### [DATASET EXTRACT]
*** Begin section ***

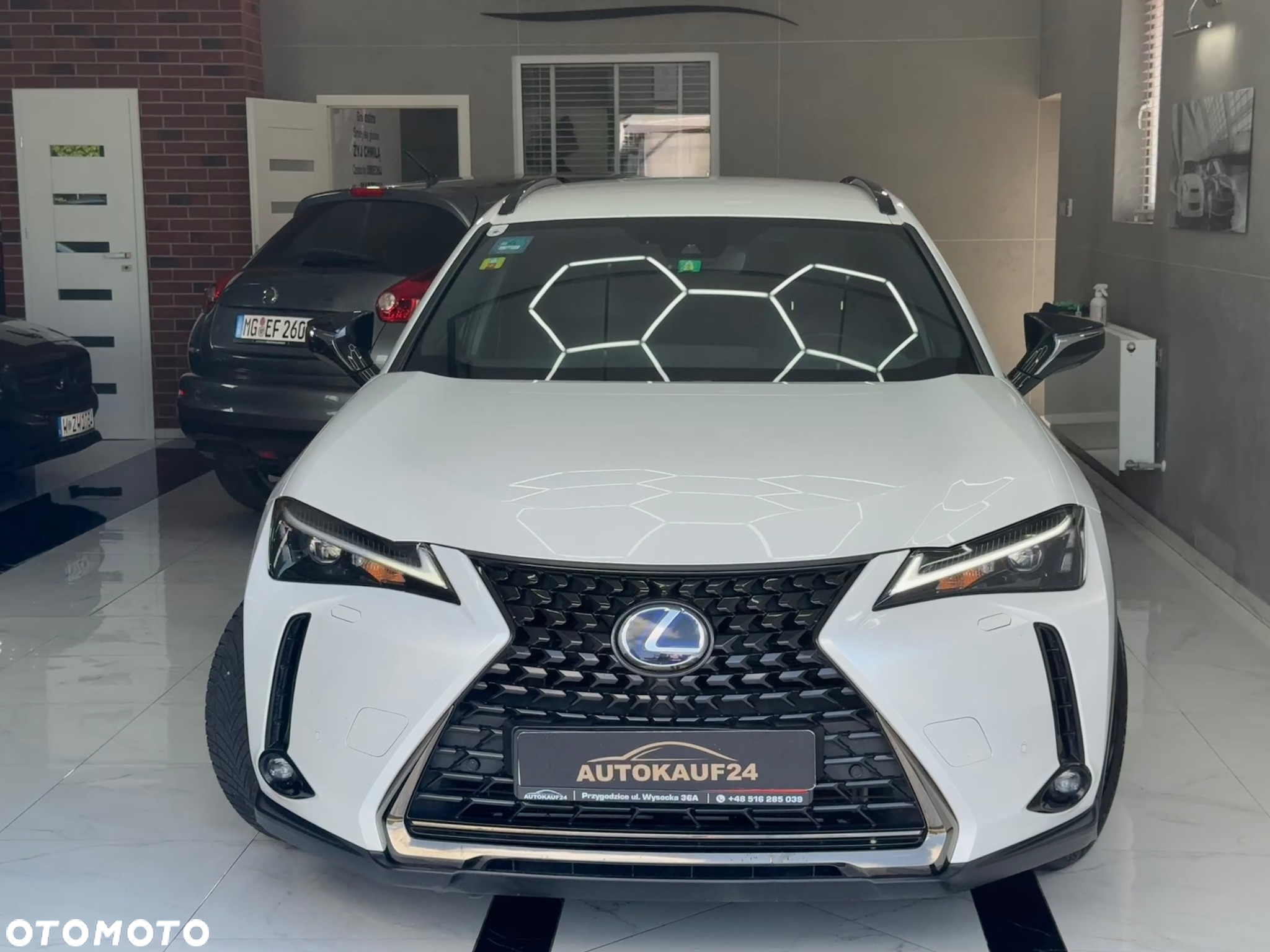 Lexus UX 250h - 6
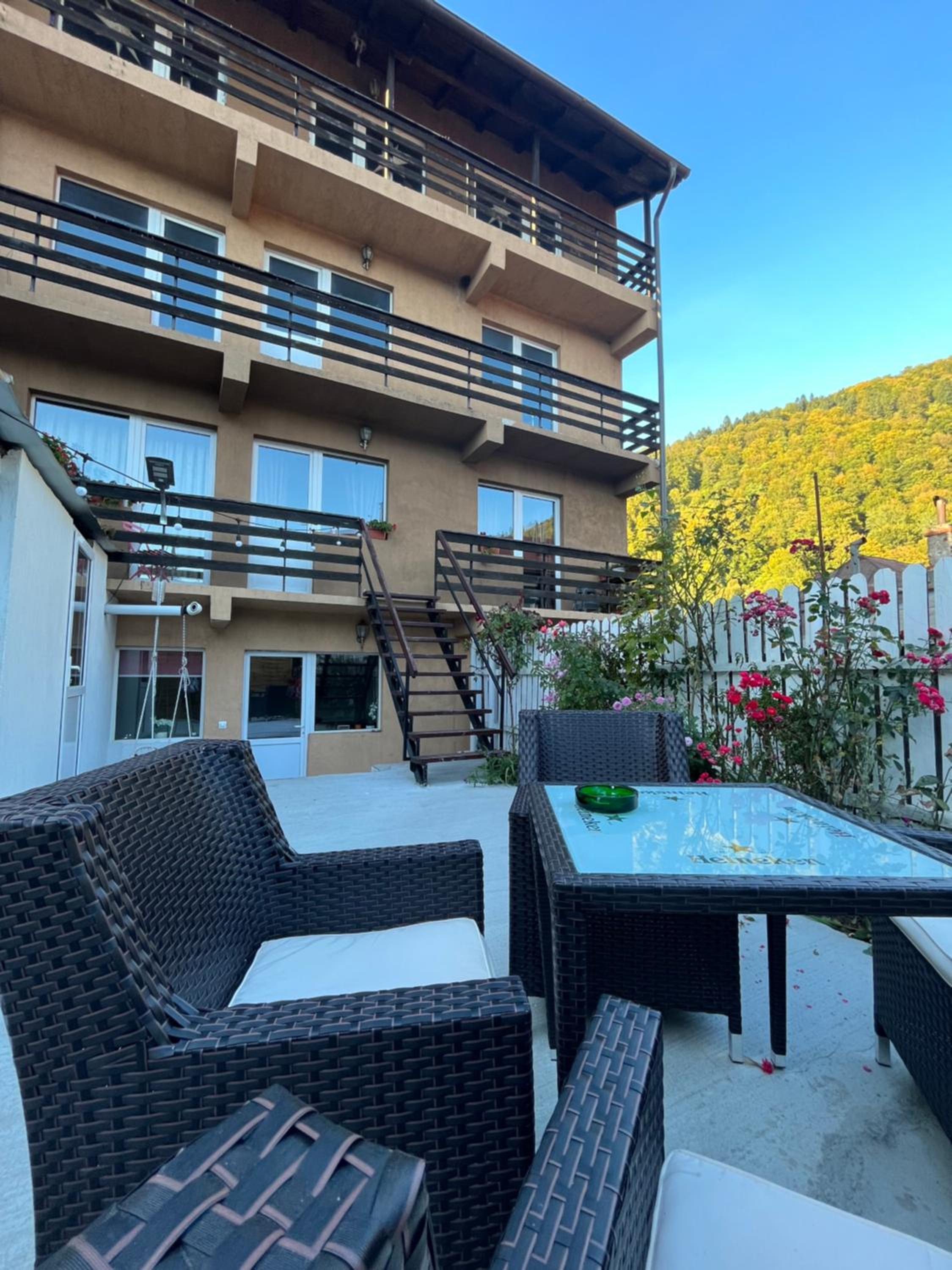 Billy&Ane Apartments,Rooms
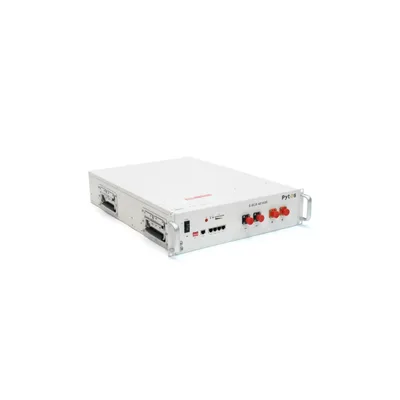 Батарея LiFePo4 Pytes 51.2V100Аh 5.12kWh (50/100A) (E-BOX-48100R)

*** End section ***

### [ASSIGNMENT]
Could you copy the listing above exactly, without its pictures?

### [FINISHED EXERCISE]
 Lexus UX 250h - 6
 Billy&Ane Apartments,Rooms
 Батарея LiFePo4 Pytes 51.2V100Аh 5.12kWh (50/100A) (E-BOX-48100R)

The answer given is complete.